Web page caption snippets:
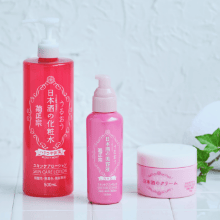 菊正宗 日本酒の洗顔料 200g」 | ≪公式≫菊正宗ネットショップ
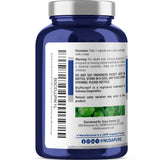 NusaPure Gotu Kola Capsules label with ingredient details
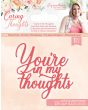 Caring Thoughts - Metal Die - Youre in my Thoughts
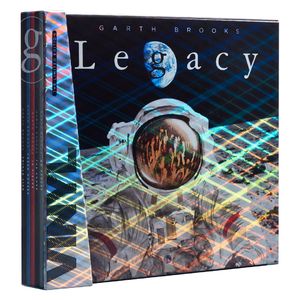 Garth Brooks: The Legacy [CD]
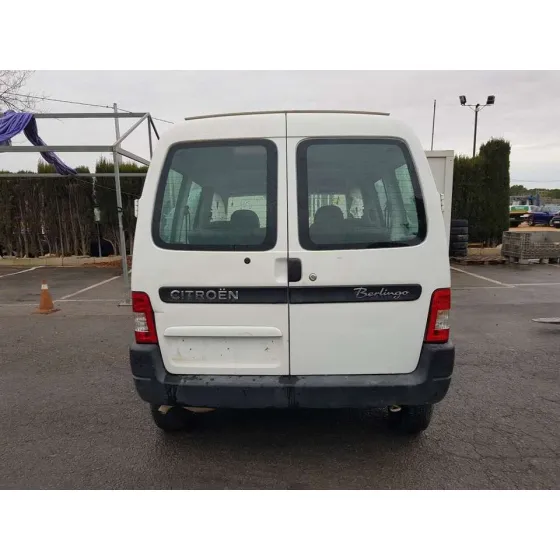 CITROEN BERLINGO '2006 1.4 X FAMILIAR BLANCO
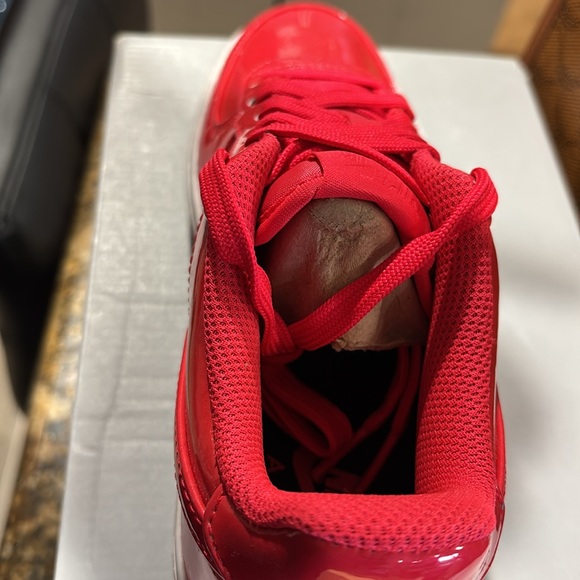 Air Force 1 LV8 I’ve (gs) siren red/white - Picture 6 of 6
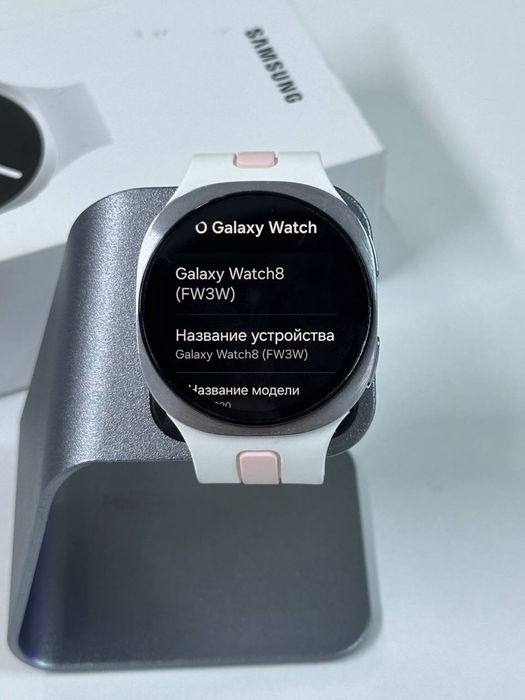 Galaxy watch 8/ 40 mm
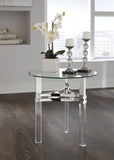 Braddoni End Table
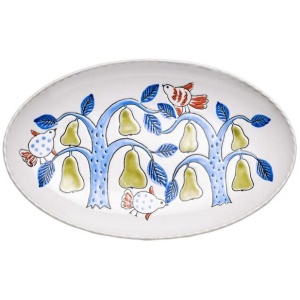 Ecology Joie Oval Platter 26cm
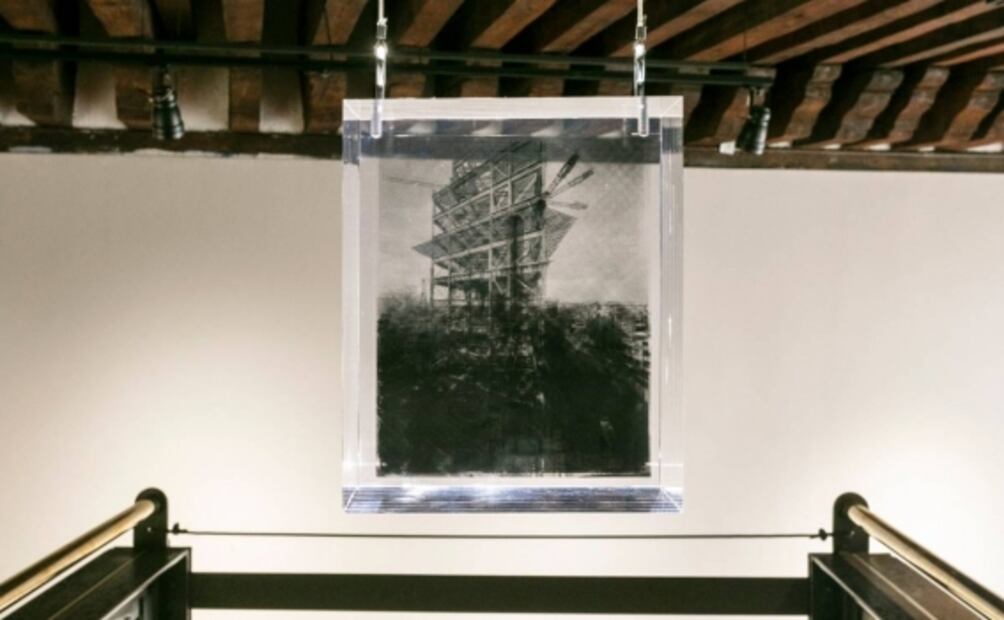 Tiempo y espacio en las fotografías de Tomás Casademunt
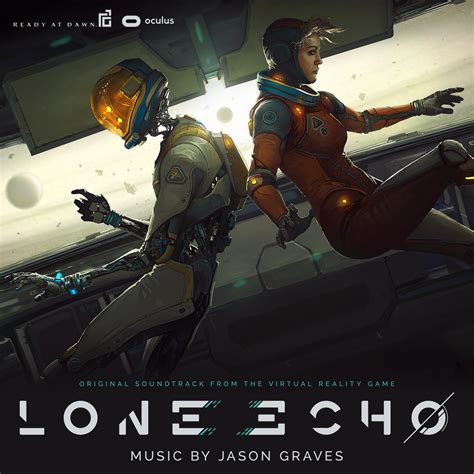 Lone Echo - Jason Graves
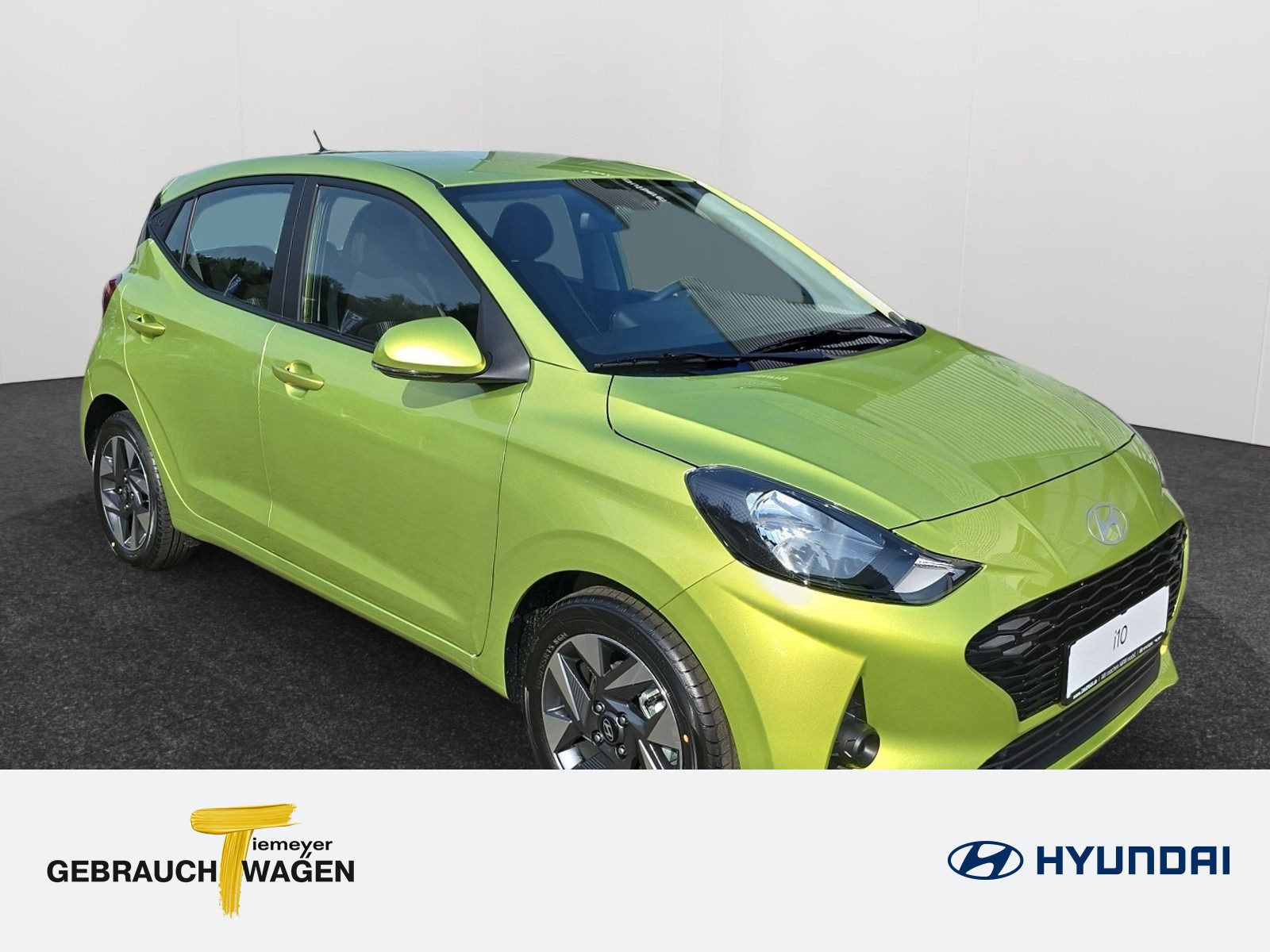 Hyundai i10 – Bild 3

EXERCISE OBJECTIVE: Nothing but the lines from the start of the records above through the line with "Braddoni End Table" should be retyped, each exactly as written; leave out all pictures.

RESULT FOR THIS TASK:
 菊正宗 日本酒の洗顔料 200g」 | ≪公式≫菊正宗ネットショップ
 NusaPure Gotu Kola Capsules label with ingredient details
 Caring Thoughts - Metal Die - Youre in my Thoughts
 Garth Brooks: The Legacy [CD]
 CITROEN BERLINGO '2006 1.4 X FAMILIAR BLANCO
 Air Force 1 LV8 I’ve (gs) siren red/white - Picture 6 of 6
 Galaxy watch 8/ 40 mm
 Braddoni End Table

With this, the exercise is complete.